Marché Etoudi dans le premier arrondissement de Yaoundé, la capitale du Cameroun. Parmi les étals colorés et les cris des vendeurs, un commerce particulier capte le regard : la vente des abats poulet, localement appelés  “Missounga”. Ici, après l’abattage, les nettoyeurs déplument et dépeçent la volaille, mettant de côté des morceaux longtemps négligés, mais aujourd’hui prisés sur les marchés : cœur, foie, tête, intestins et autres organes.

Parmi les habitués, Mme Béatrice Mendouga se distingue. Elle achète, revend et cuisine les cœurs et gésiers, faisant de cette activité sa principale source de revenus. « C’est un travail qui nourrit ma famille et celle des autres », confie-t-elle, sourire aux lèvres.

Pour certains camerounais rencontrés dans ce marché, ces aliments riches en protéines sont appropriés pour  la consommation humaine tandis que d’autres, les assimilent à des aliments destinés à l’élevage. Face au prix élevé du poulet entier, ces abats de par l’abordabilité de leurs prix, représentent une alternative à la viande de volaille.

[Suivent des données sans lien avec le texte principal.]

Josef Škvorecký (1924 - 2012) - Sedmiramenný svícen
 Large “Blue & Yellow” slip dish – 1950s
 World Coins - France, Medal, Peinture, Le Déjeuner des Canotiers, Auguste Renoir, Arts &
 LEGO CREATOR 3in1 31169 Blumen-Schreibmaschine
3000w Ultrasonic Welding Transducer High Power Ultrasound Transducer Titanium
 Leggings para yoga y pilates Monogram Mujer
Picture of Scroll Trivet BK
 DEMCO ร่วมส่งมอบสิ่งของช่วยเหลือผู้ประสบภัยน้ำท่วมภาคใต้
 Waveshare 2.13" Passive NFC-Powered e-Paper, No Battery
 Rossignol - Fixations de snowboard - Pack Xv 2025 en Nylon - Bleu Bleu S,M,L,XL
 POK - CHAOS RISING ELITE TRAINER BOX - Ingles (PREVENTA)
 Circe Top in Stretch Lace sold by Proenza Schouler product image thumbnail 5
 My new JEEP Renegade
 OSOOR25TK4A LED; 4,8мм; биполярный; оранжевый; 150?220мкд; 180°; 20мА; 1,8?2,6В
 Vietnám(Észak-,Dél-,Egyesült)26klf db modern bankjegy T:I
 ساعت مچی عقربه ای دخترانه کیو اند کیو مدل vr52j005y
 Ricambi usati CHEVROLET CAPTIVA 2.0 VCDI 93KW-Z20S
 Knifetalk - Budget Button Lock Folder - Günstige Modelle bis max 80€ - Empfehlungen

Sur le marché, chaque morceau est soigneusement trié, regroupé et vendu selon la demande. Les prix sont calculés pour convenir à tous, des ménages modestes aux petits commerçants, transformant ces sous-produits en véritables opportunités économiques.
Ce commerce nourrit plus qu’un estomac : il fait vivre de nombreux acteurs du secteur informel, qui emploie près de 90 % des travailleurs du pays. Ici, chaque abattage raconte une histoire de résilience et d’ingéniosité, loin des circuits formels de l’économie.
Au Cameroun, le secteur avicole contribue à hauteur de 4 % au PIB, avec près de 54 millions de têtes produites en 2024, selon l’Ipavic. Et, la vente des abats de volaille montre comment le secteur informel valorise ce qui semblait inutile, tout en offrant des aliments nutritifs et des revenus aux familles. Chaque jour, ce marché reste essentiel au quotidien de millions de Camerounais.